Das Land sei gegen 09.00 Uhr vom Nachbeben erschüttert worden, sagte Nasser Jabour, Leiter einer Abteilung des Nationalen Instituts für Geophysik. Die US-Erdbebenwarte USGS verzeichnete eine Stärke von 3,9. Das Epizentrum des Nachbebens lag laut Hespress etwa 80 Kilometer südwestlich von Marrakesch, ähnlich wie das erste Beben. Zahlen zu Opfern lagen vorerst noch nicht vor. In den abgelegenen Bergdörfern des nordafrikanischen Landes gruben sich die Einsatzkräfte mit schwerem Gerät durch Trümmer eingestürzter Häuser. Doch für die Helfer wird das Zeitfenster immer knapper. Bei der Suche nach Verschütteten in Folge eines Erdbebens sprechen Experten in etwa von einem Zeitfenster von 72 Stunden.

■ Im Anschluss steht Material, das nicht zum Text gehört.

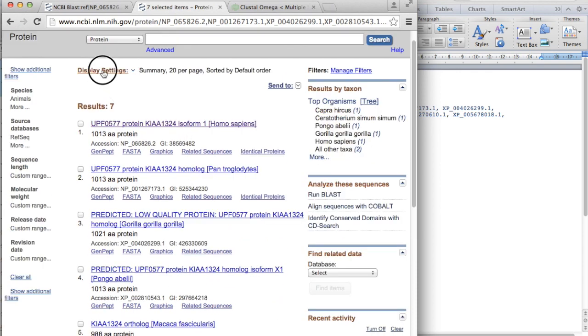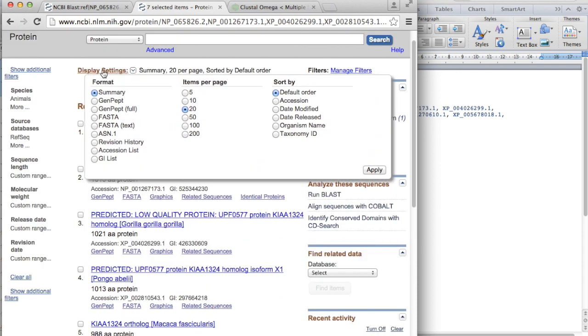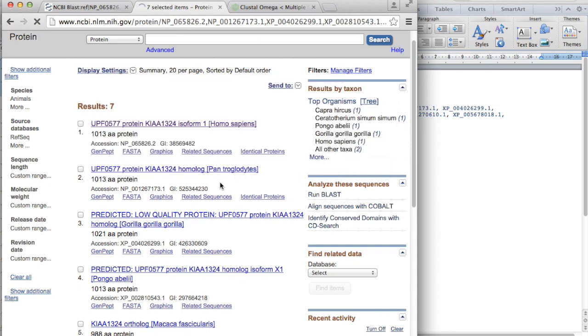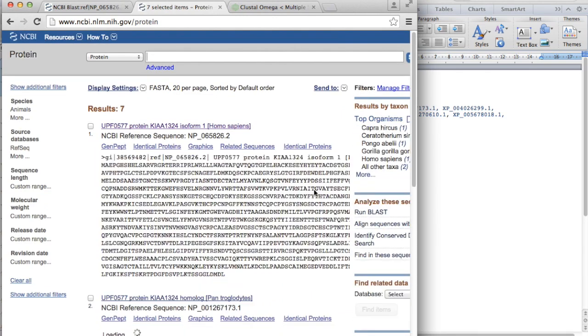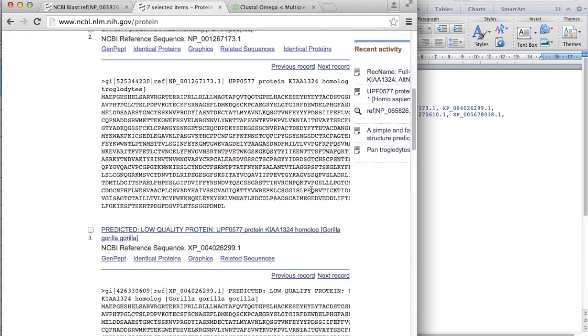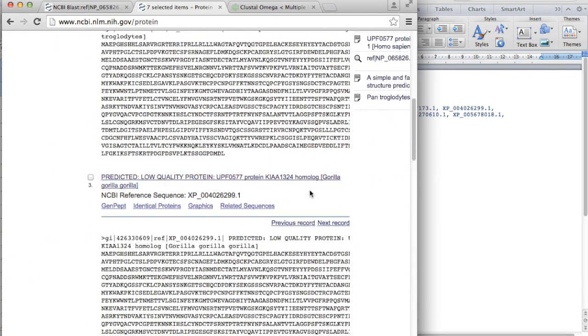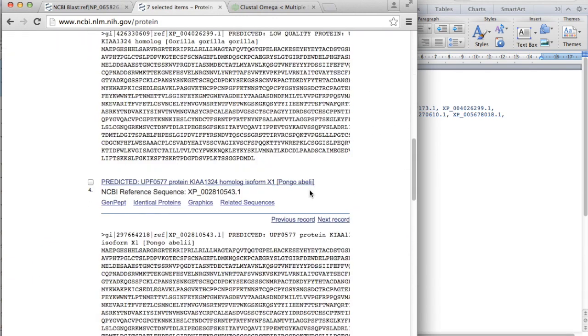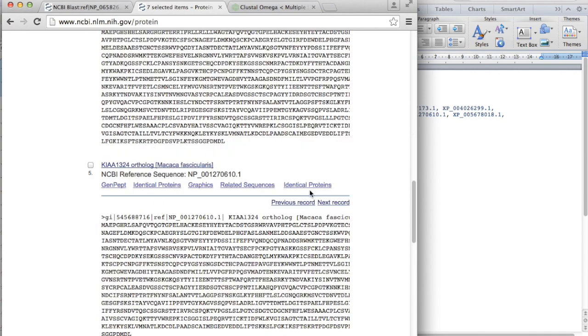And click display setting and get the FASTA format and click apply. And you have here all the FASTA sequences of these organisms.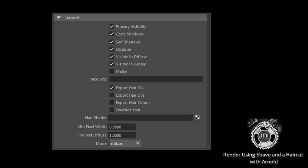The extension translates a Maya Shave hair node to an Arnold curves node. There is no special operation needed to render a Shave node with Arnold, but it is possible to customize how the Shave hair node is translated to Arnold.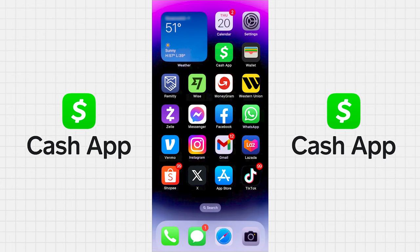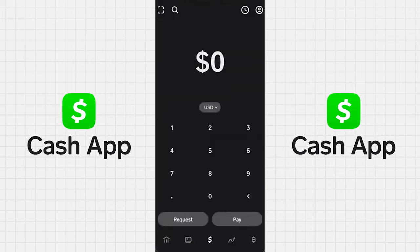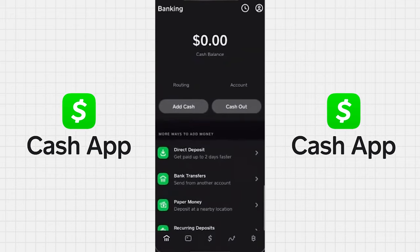In this video, I'll guide you on how to locate the barcode in Cash App for depositing money at Walgreens. Once you've arrived at Walgreens, take out your device and open the Cash App. On the bottom left side of the app, you'll notice either a dollar amount or a bank icon. Simply tap on it and you'll be directed to the appropriate screen.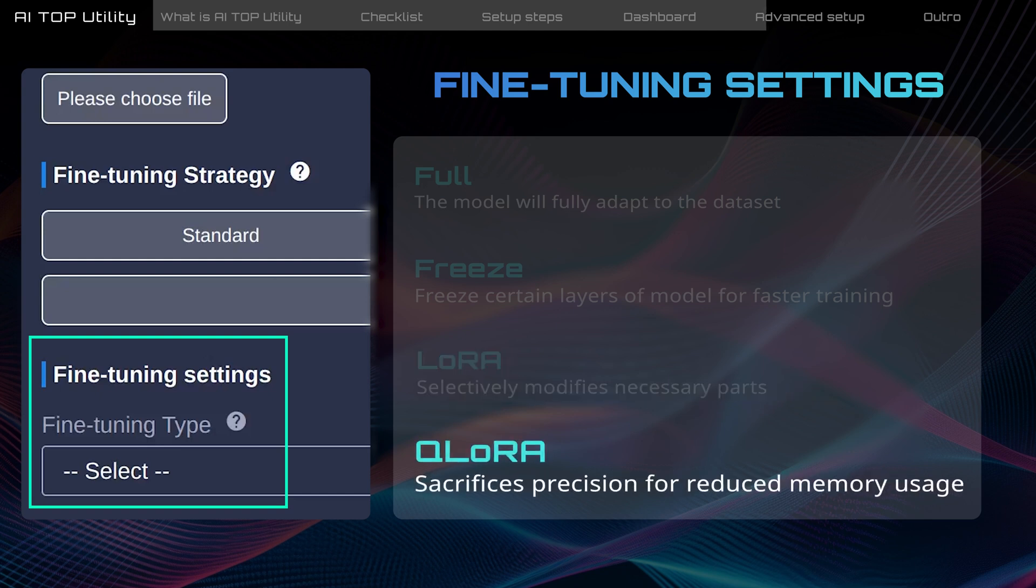Q LoRa, a derivative of LoRa, sacrifices some training precision to reduce memory requirements. This adjustment is particularly beneficial for large models exceeding 30 billion.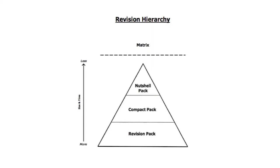Moving on, what you can see in front of you now is what I'd like you to live by when it comes to your revision. The hierarchy is applicable to any kind of exam and I will go through each of the stages in turn. It starts off with a revision pack, moves on to a compact pack, and finally a nutshell pack, and above that sits a matrix.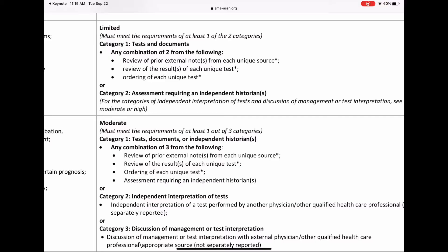This is a lot more fair than the 1995 and 1997 guidelines. In those guidelines, if you ordered a ton of labs, it counted as one point — and I always had a problem with that. When a doctor is deciding to order or review labs, they have to think about each one and what those results mean to the patient's condition. Giving them one point regardless of how many labs they ordered or reviewed was never fair. This is a lot more fair and makes a lot more sense.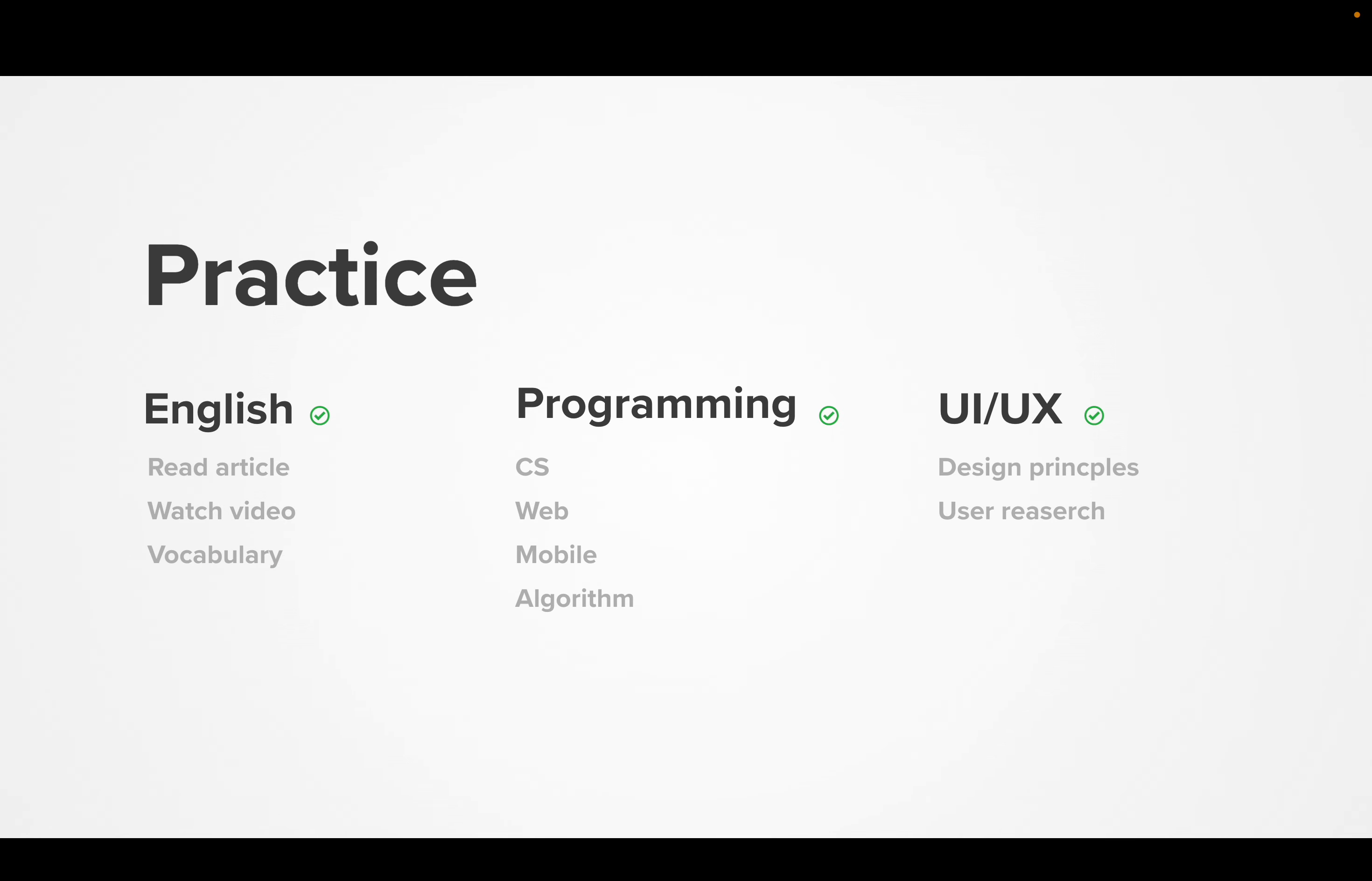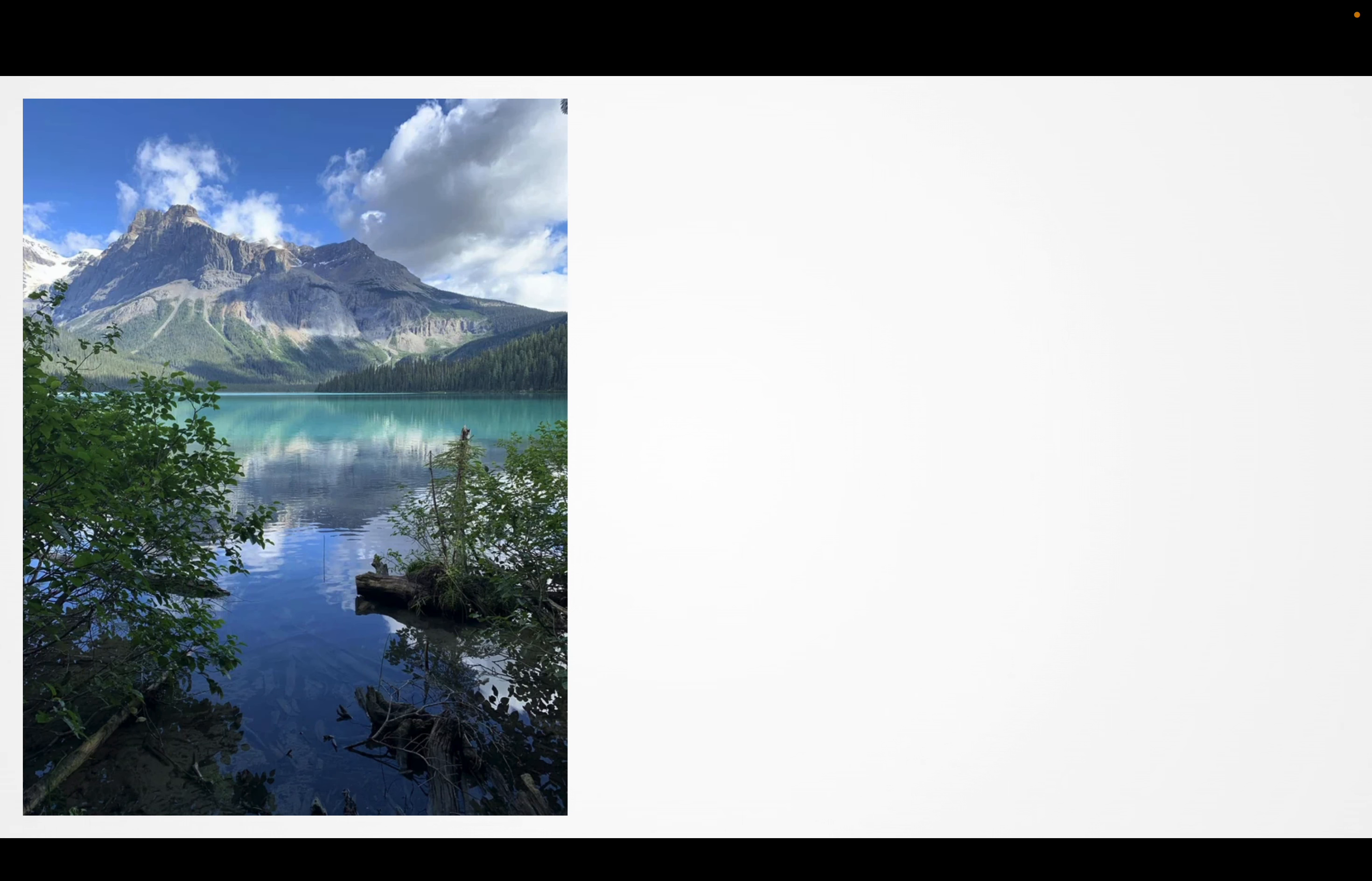In the morning, I practice English programming UX. Briefly, yesterday was very good. I risked a lot, and I think I'm getting better.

Eine kleine Ortschaft in der Provinz Chichaoua wurde nahezu vollständig zerstört, wie der staatliche marokkanische Fernsehsender TV 2M am Sonntag meldete. 65 Leichen seien geborgen und ein Massengrab eingerichtet worden. Es wurden Drohnen eingesetzt, um den Einsatzkräften bei der Suche nach Leichen zu helfen, wie die Nachrichtenseite Hespress berichtete. Allein in Chichaoua wurden 191 Todesfälle registriert.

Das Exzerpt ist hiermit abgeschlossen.